Predict Municipal Debt Risk Analysis

Teslim Odumuyiwa
7 min readOct 30, 2022

--

Credit: Unsplash

Introduction

In this tutorial, we are predicting the Risk Analysis of accounts developing into bad debt using MindsDB. MindsDB is an open-source machine-learning tool that brings automated machine learning to your database. MindsDB offers predictive capabilities in your database. To complete this tutorial, you are required to have a working MindsDB connection, either locally or via cloud.mindsdb.com. You can use this guide to connect to the MindsDB cloud.

Data Setup

Connecting the data as a file

Follow the steps below to upload a file to MindsDB Cloud.

  • Log in to your MindsDB Cloud account to open the MindsDB Editor.
  • Navigate to Add data the section by clicking the Add data button located in the top right corner.
Steps for uploading file into MindsDB Cloud
  • Choose the File tab
Steps for uploading files into MindsDB Cloud
Choose the File tab
  • Choose the Import File option.
  • Upload a file (MunicipalDebtAnalysis.csv), name a table used to store the file data (here it is Municipal_Debt), and click the Save and Continue button.
  • Once you are done uploading, you can query the data directly with;
SELECT * FROM files.Municipal_Debt LIMIT 10;

Understanding the Dataset

Context

This data has been extracted from the billing systems of 8 Municipalities in South Africa over a 2 year period and summarised according to their total amount billed versus the total amount paid. For each account, there is an indicator of whether that account resulted in a Bad Debt.
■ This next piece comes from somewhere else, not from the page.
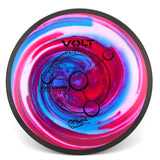MVP Fission Volt, 166g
This is a Classification exercise with the aim of finding out whether it is feasible to determine the probability of an account becoming a Bad Debt so that it will be possible to forecast the number (and value) of accounts that are at risk of developing into a Bad Debt.

Content

  • AccCategoryID: (Account Category ID) The numeric link in the database to the Account Category
  • AccCategory: (Account Category) A classification of the type of account
  • AccCategoryAbbr: (Account Category Abbreviation) An abbreviation of the classification of the type of account — to be used for One-hot encoding
  • PropertyValue: (Property Value) The market value of the property
  • PropertySize: (Property Size) The size of the property in square meters
  • TotalBilling: (Total Billing) The total amount billed to the account for all services
  • AverageBilling: (Average Billing) The average amount billed to the account for all services
  • TotalReceipting: (Total Receipting) The total amount receipted to the account for all services
  • AverageReceipting: (Average Receipting) The average amount receipted to the account for all services
  • TotalDebt: (Total Debt) The Total Debt that is at 90 days or more
  • TotalWriteOff: (Total Write Off) The Total amount of debt that has been written off
  • CollectionRatio: (Collection Ratio) The ratio between the Total Receipting and Total Billing (ie. Total Receipting/Total Billing)
  • DebtBillingRatio: (Billing Debt Ratio) The ratio between the Total Debt and Total Billing (ie. (Total Debt + Total Write Off)/Total Billing)
  • TotalElectricityBill: (Total Electricity Bill) The total amount billed for electricity. This field was put in place because it is used as a means to recover debt — ie. If an amount is outstanding for any service the municipality has the right to cut a consumer’s electricity connection.
  • HasIDNo: (Has ID No.) The consumer has an ID number. This is similar to a Social Security number in the US and can be useful in legal proceedings. A consumer without any ID No. details is a lot harder to collect debt from. In addition, this field denotes that the account is held by a person and not a business. However, it is not very reliable as it’s often not captured properly or at all.
  • BadDebtIndic: (Bad Debt Indicator) 1 = Is considered to be a Bad Debt, 0 = Not considered to be a Bad Debt

Credit — Dylan Rawlins

Original Dataset SourceMunicipal Debt Risk Analysis

Creating the Predictor

Now we can create a machine learning model with Municpal_Debt column serving as our features and baddebt will be what we will be predicting and MindsDB will take care of the rest for us.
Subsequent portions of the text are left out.